When menus are extensive I always find difficulty making a decision, as I choose something, and then as I read on I change my mind again and again as I see different dishes, and the same happened here with the starters. After a period of discussion with my wife we selected the Slow Cooked Pigs Cheeks in parsley, garlic, melted onions and green chilli (£9.50), and the Beer Battered Monkfish “Scampi”, smoked paprika and aioli (£8.90). My pigs cheeks were served in a small roasting dish nestling on a bed of soft polenta and were ‘melt in the mouth’ delicious, whereas the Monkfish Scampi combined the slightly sweet taste and dense texture of the Monkfish with a light batter perfectly. The difficulties in choosing continued into the mains where there was a dazzling choice of fish and meat dishes, many using the kitchen’s tandoor oven. My wife chose the Smoked Haddock Risotto, mascarpone and soft herbs (£16.90 for a main portion and £9.50 for a starter size), and I chose the 400g Tandoor Roasted Rib Steak with watercress and duck fat scraps (£33), as I wanted to see whether a steak cooked this way lost its flavour, and if it could be served medium rare as I love having it. The chunks of flaky haddock nestled contentedly in the rich and creamy rice and the beef answered all of my questions/concerns around cooking it in a Tandoor, as the intense heat had left the outside crispy whilst leaving the inside moist and slightly pink as it should be. Additional choices on the menu include duck with a puy lentils salad (£19.60) chicken breast with sated wild mushrooms (£15.50) and Cornish Hake with asparagus and wild garlic (£18), so as a person who can’t make a choice it was very difficult to choose!

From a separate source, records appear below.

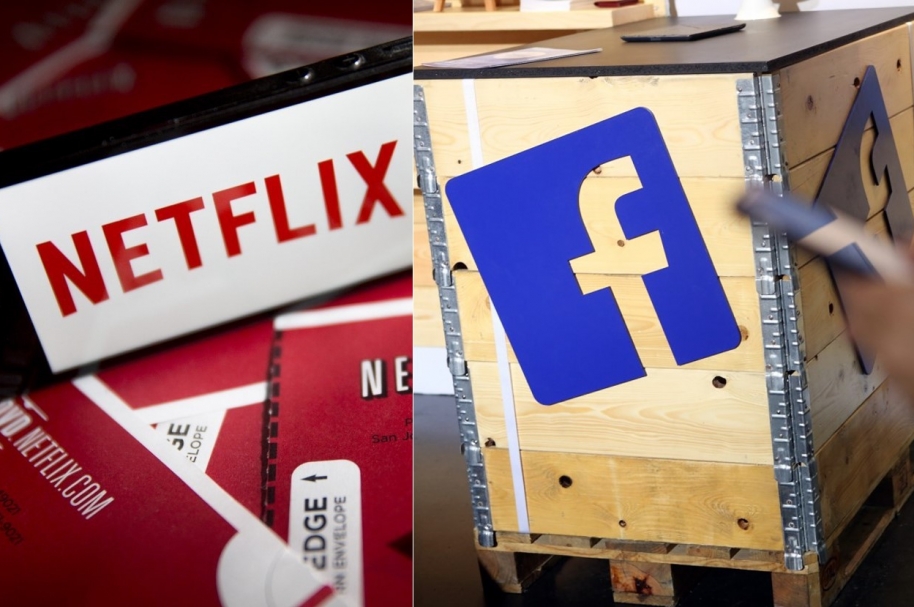 Netflix y Facebook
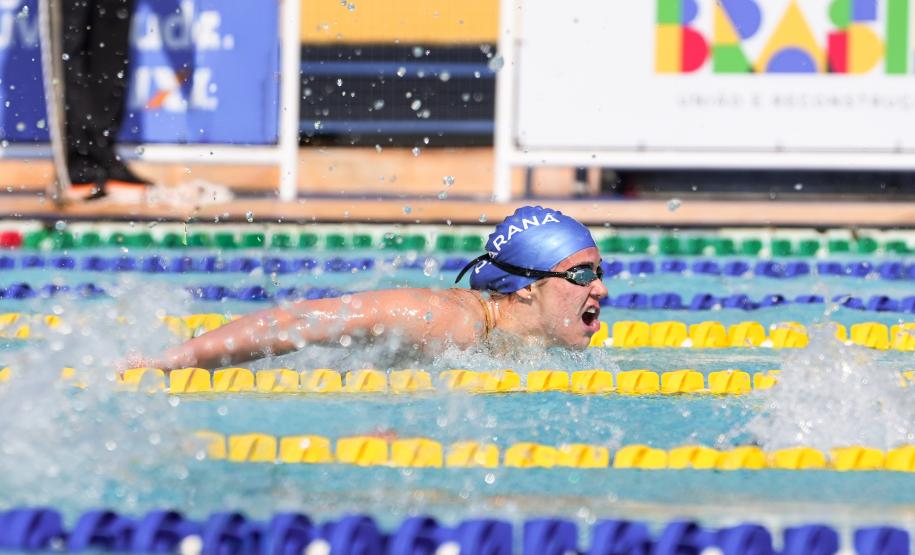 Paraná fecha primeiro bloco dos Jogos da Juventude em 2º lugar no quadro geral de medalhas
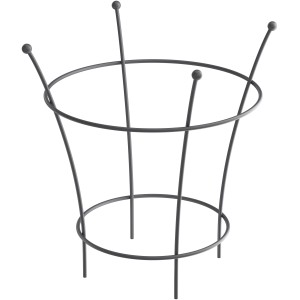 Eleo Pflanzenstütze Grosetto, 68 cm, anthrazit pulverbeschichtet, für Garten & Beet.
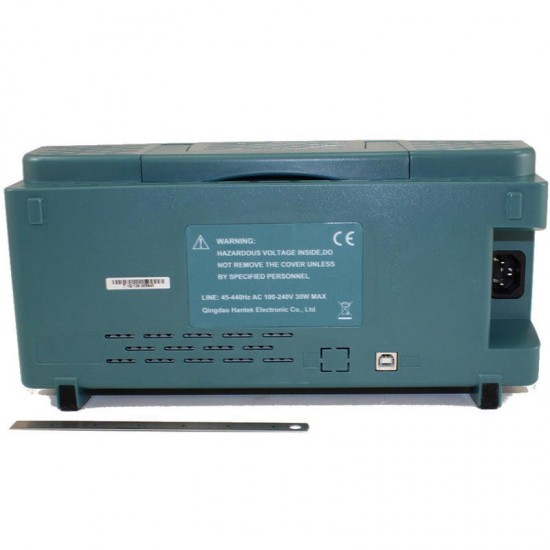 DSO5202P Digital Oscilloscope 200MHz Bandwidth 2 Channels 1GSa/s 7inch TFT LCD PC USB Portable Oscilloscope Electrical Tool DSO5202P Digital Oscilloscope 200MHz Bandwidth 2 Channels 1GSa/s 7inch TFT LCD PC USB Portable Oscilloscope Electrical Tool
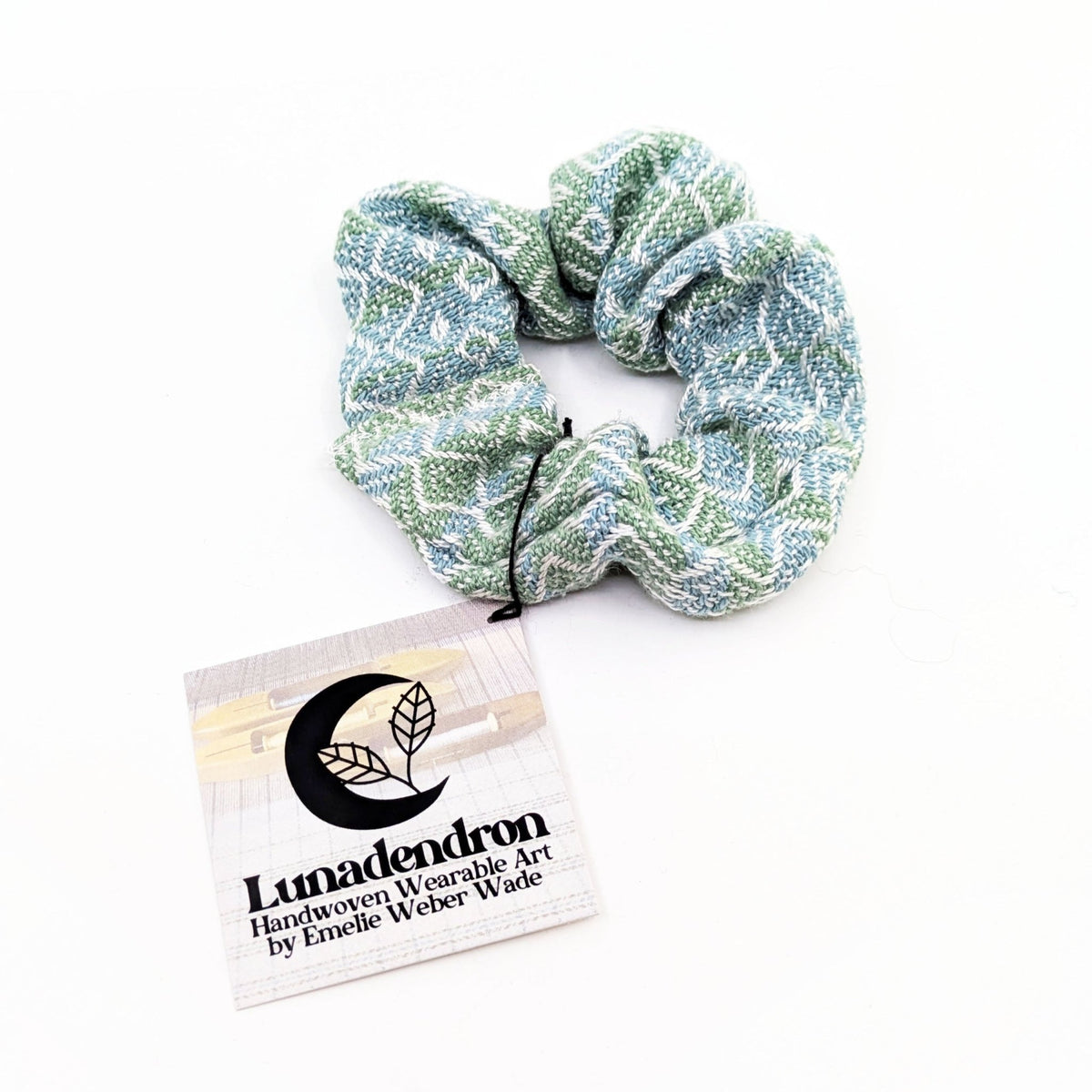 Lunadendron - Handwoven Scrunchies - Style 8 - VISUAL INDEX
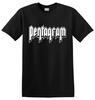 PENTAGRAM - Футболка 'Белый логотип Pentagram'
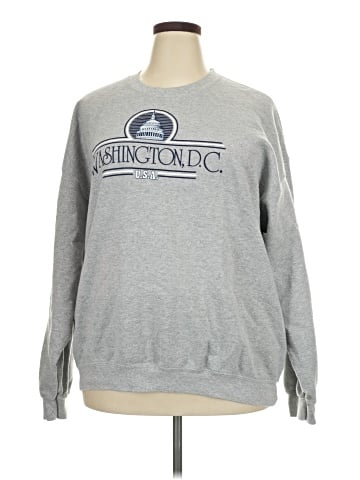Gildan Sweatshirt (view 1)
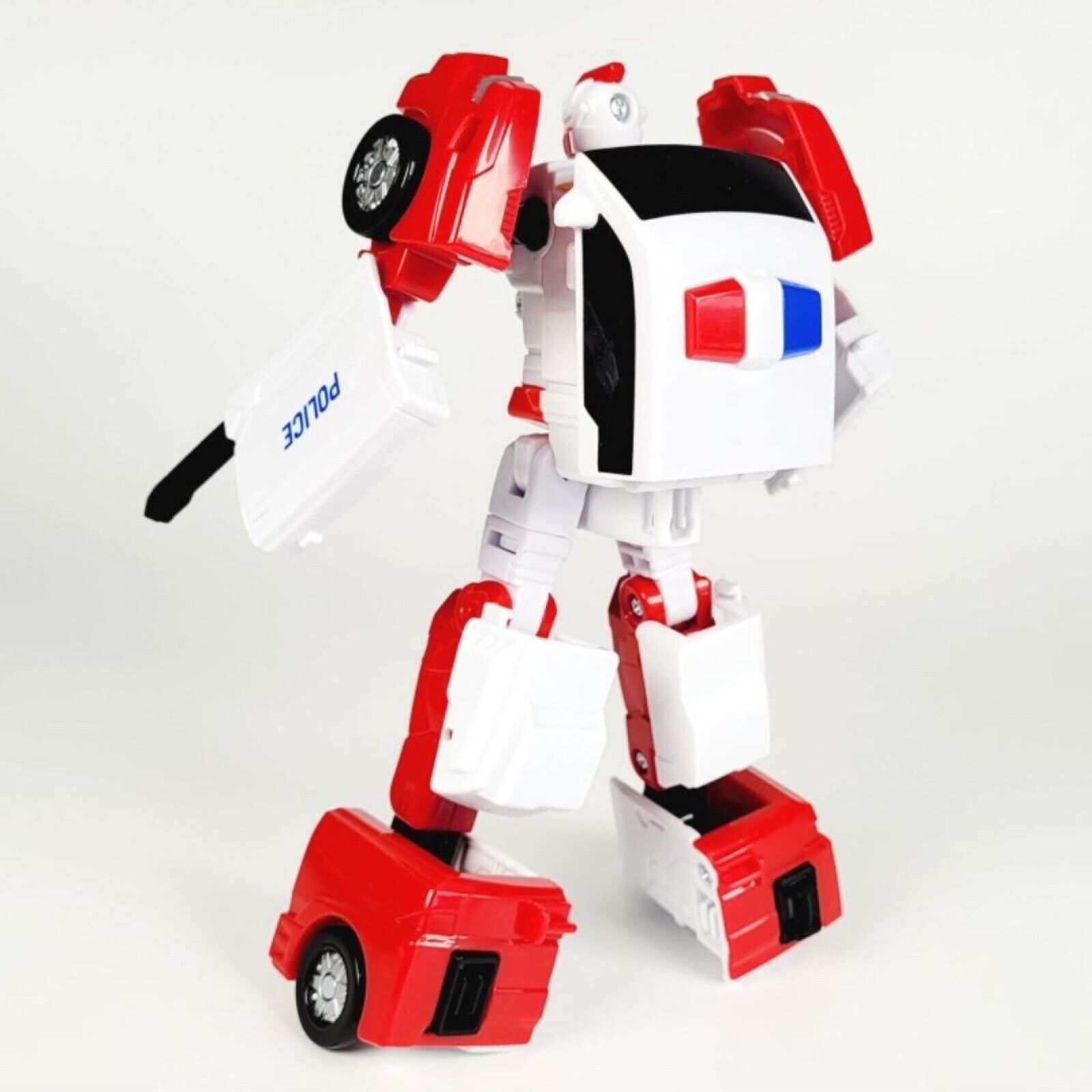 Hello Carbot EGRYBOOM * Transformer Robot Police Car Action Figure Korean Toy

After a break to allow us to savour our lovely Casa Albali Verdejo Sauvignon Blanc at a very reasonable £19 a bottle, we were able to turn our attention back to the desserts, and the third difficult decision of the meal. Desserts are all £7.50, and after flirting with a locally made “Chococo” Chocolate and “Liberty Fields” Apple Aperitif or a Banana Tart, we plumped for the Dorset Apple Cake, clotted cream ice cream, and the Fresh Pineapple, Passionfruit and Lime Pavlova with vanilla mascarpone. The Dorset Apple Cake was rich and packed with apple, well-seasoned with cinnamon, offset by the light ice cream. The pavlova was equally light, and the slivers of pineapple and passion fruit refreshing, and a perfect ending to the meal.
Bournemouth is so underrated as a place to visit, and not only has a fabulous beach and attractions, it also now has a great hotel, skybar and restaurant to visit. My advice is to look past the name and instead focus on the fact that this restaurant serves good food in a relaxed and welcoming environment, and is well worth a visit.